Où allons-nous ? Personne ne peut le dire, pour la bonne raison que la main invisible nous dépasse, que nous coopérons, les uns par obligation pour survivre, les autres par devoir, beaucoup aussi par passion ou par plaisir, à la construction de quelque chose qui est plus grand que nous. L'âme digitale dépasse radicalement les limites de notre corps, que ce soit celui de chacun d'entre nous ou le corps global que forme l'ensemble des dix milliards d'humains qui peuplent la planète. L'hypermonde prend forme. Il exigera de nous de plus en plus d'humilité. Mais il ne nous demandera pas de nous détruire, bien au contraire. Pendant longtemps encore, l'âme digi-tale ne pourra grandir sans la participation de la chair, et nous rendra au centuple ce que nous lui donnerons.

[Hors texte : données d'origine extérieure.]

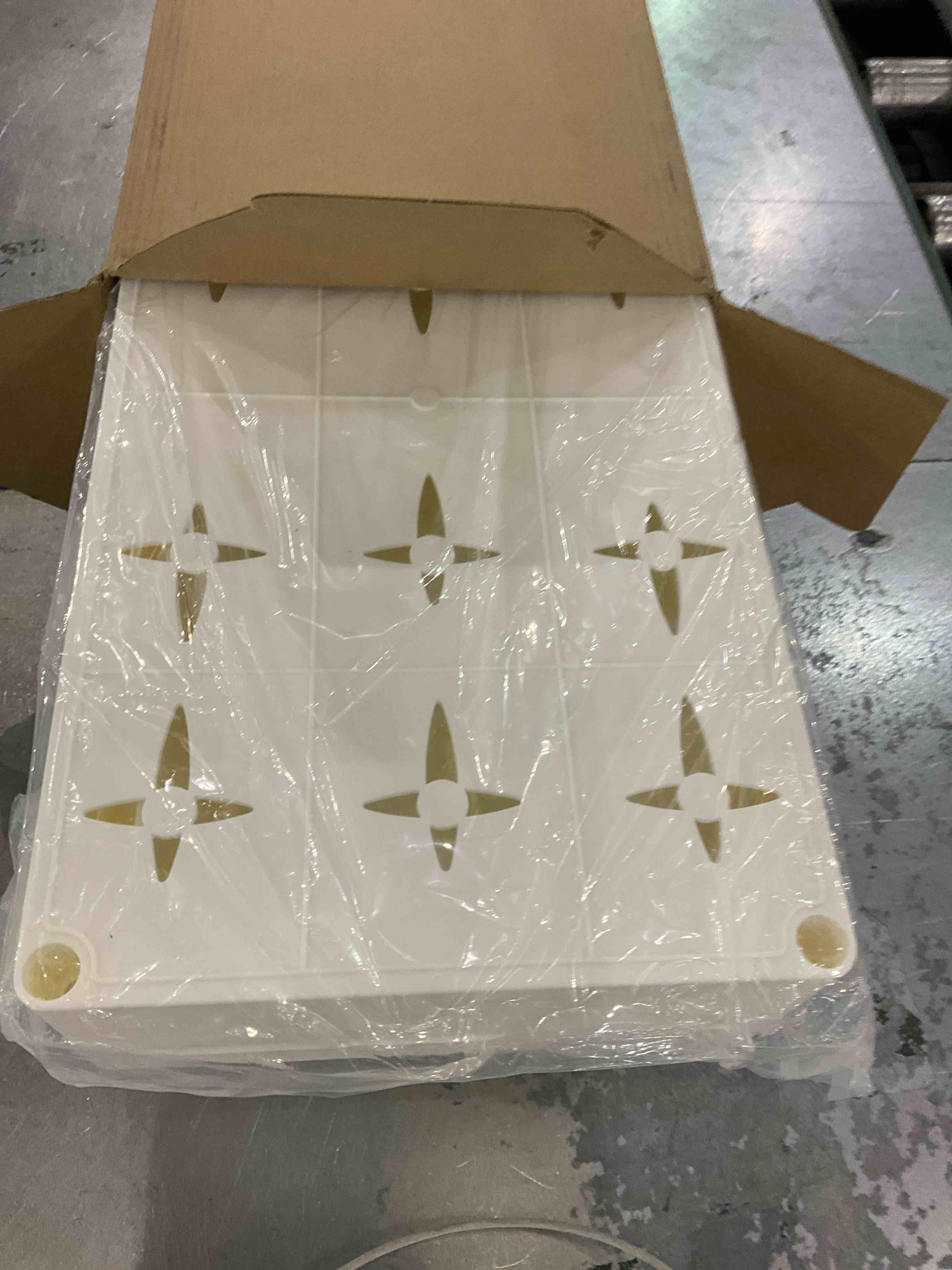 https://s3.amazonaws.com/lotting-images-prod/BargainHunt/EXS00947968_1707918787822.jpeg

Peut-être, un jour, ces corps mêmes seront-ils tellement dépassés qu'il faudra renoncer à eux pour nous incarner dans de nouvelles formes matérielles. Elles ressembleront sans doute aussi peu aux ordinateurs d'aujourd'hui qu'aux bipèdes qui parvinrent à les construire. Mais ce temps est loin devant nous. Plusieurs générations humaines nous en séparent. Rien ne garantit que cela sera un bien pour nous. D'autres Auschwitz hélas ! nous attendent peut-être. Mais rien ne prouve non plus que de telles autodestructions seront nécessaires pour passer dans la phase suivante de développement de l'âme digitale. Le pire n'est jamais sûr. Et, depuis que le monde est monde, les porteurs d'espérance ont toujours eu une meilleure âme que les pleurnichards. N'ayons pas peur !

Osons, au moins, explorer les possibilités d'un "post-humanisme"... ne serait-ce que pour repérer ses limites. Car la montée des machines a ses limites. Au cœur même de la logique, des mathé-matiques, des ordinateurs, s'infiltrent paradoxes, indécidabilités, bogues, virus. La relativité ne se limite pas à la physique. L'irrationalité n'est pas une tare humaine, une conséquence de ses fautes. La logique elle-même porte son péché originel au cœur de nos œuvres, de l'avenir commun de l'humanité et de ses machines. Rien ne nous garantit un progrès sans catastrophes. Mais la puissante dynamique du passé nous promet de passionnantes escalades pour le prochain millénaire.